▶ Activity: From the line containing "Anne Klein Petite" to the end of the records below, both included, every line should be repeated exactly; pictures should be dropped.

Start of Recorded information

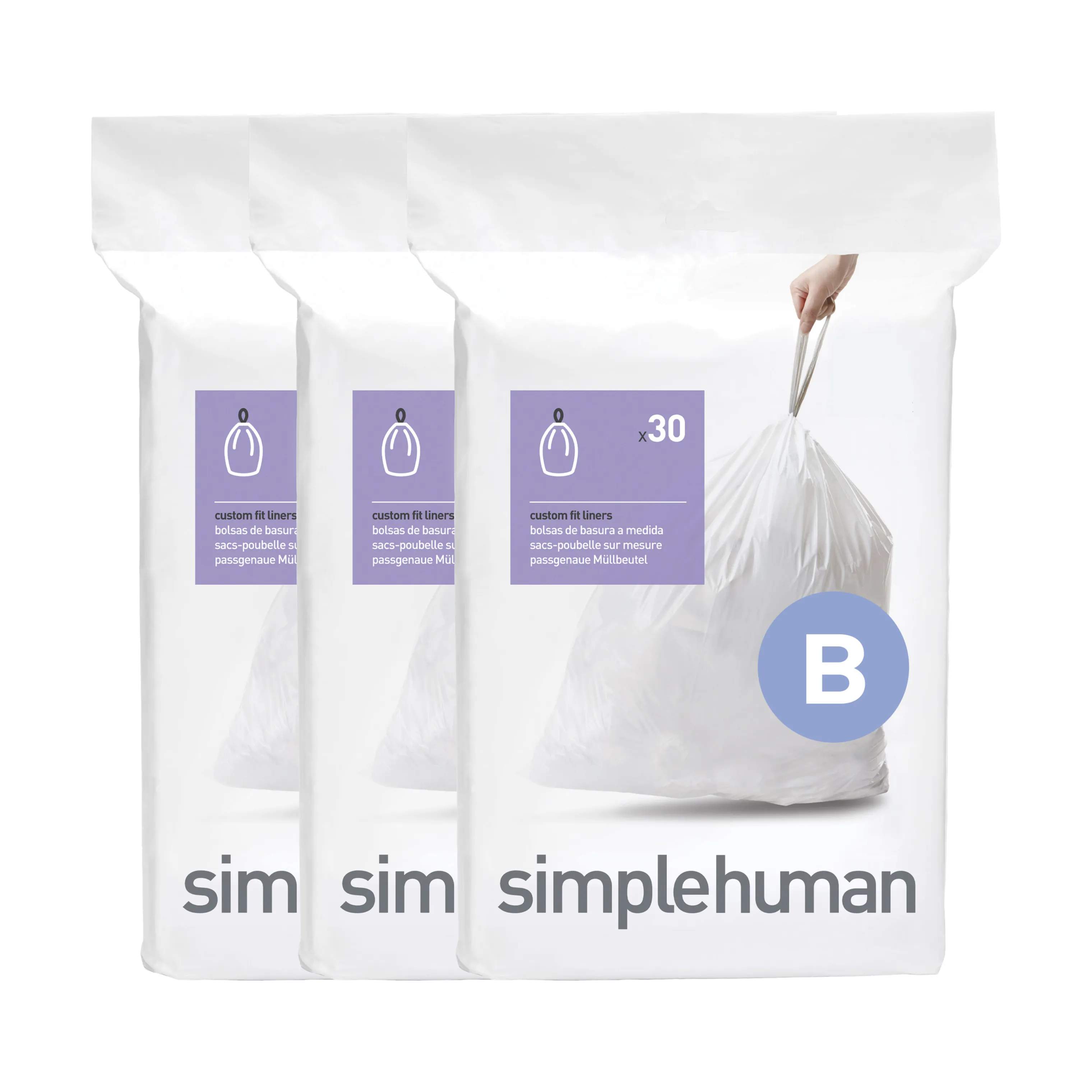 Simplehuman Affaldsposer Affaldsposer kode B - 90 stk. i B - 6 liter, 3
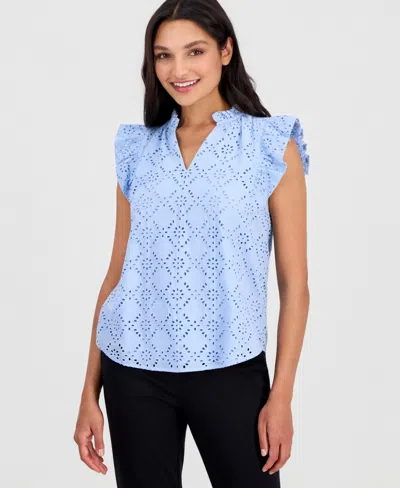 Anne Klein Petite Flutter-sleeve V-neck Blouse In Blue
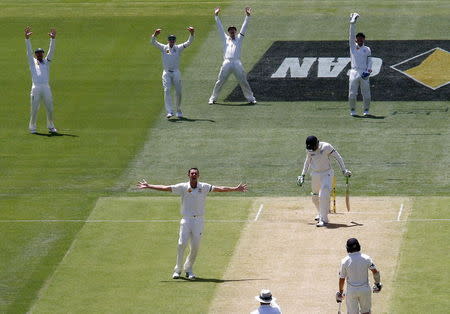 Australia's Josh Hazlewood (C) appeals successfully with team mates for LBW to dismiss New Zealand's Martin Guptill for one run during the first day of the third cricket test match at the Adelaide Oval, in South Australia, November 27, 2015. REUTERS/David Gray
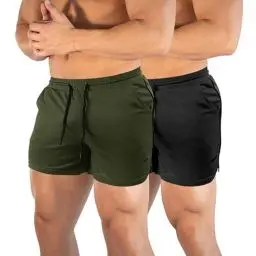 Produktbild: DEHORU 2er Pack Sporthose Herren Kurz Sport Shorts mit Taschen Schnell Trocknend leichtgewichtiges Mesh Trainingshose Jogginghose Laufhose (AGBK,2XL)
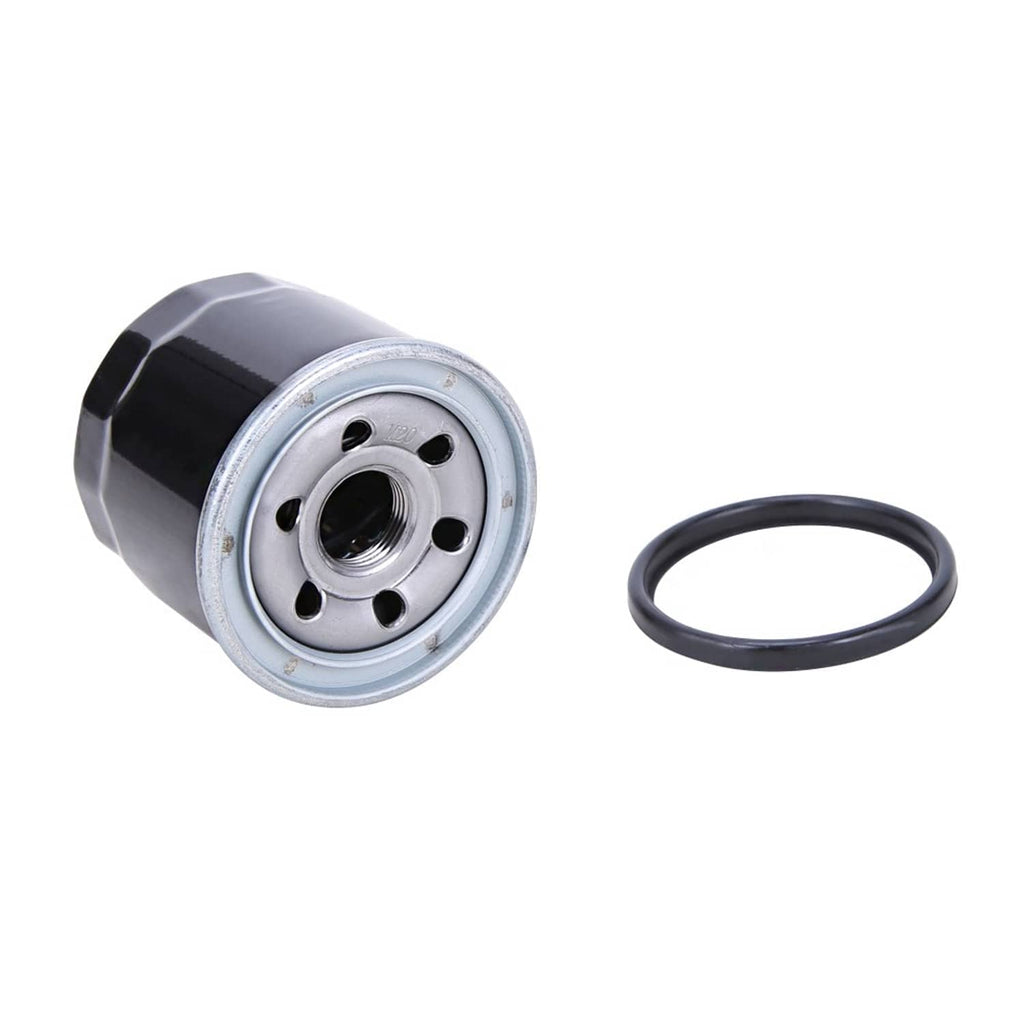 Oil filter cartridge with gasket ring, dark canister and silver metal rim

End of Recorded information

▶ Reply:
 Anne Klein Petite Flutter-sleeve V-neck Blouse In Blue
 Australia's Josh Hazlewood (C) appeals successfully with team mates for LBW to dismiss New Zealand's Martin Guptill for one run during the first day of the third cricket test match at the Adelaide Oval, in South Australia, November 27, 2015. REUTERS/David Gray
 Produktbild: DEHORU 2er Pack Sporthose Herren Kurz Sport Shorts mit Taschen Schnell Trocknend leichtgewichtiges Mesh Trainingshose Jogginghose Laufhose (AGBK,2XL)
 Oil filter cartridge with gasket ring, dark canister and silver metal rim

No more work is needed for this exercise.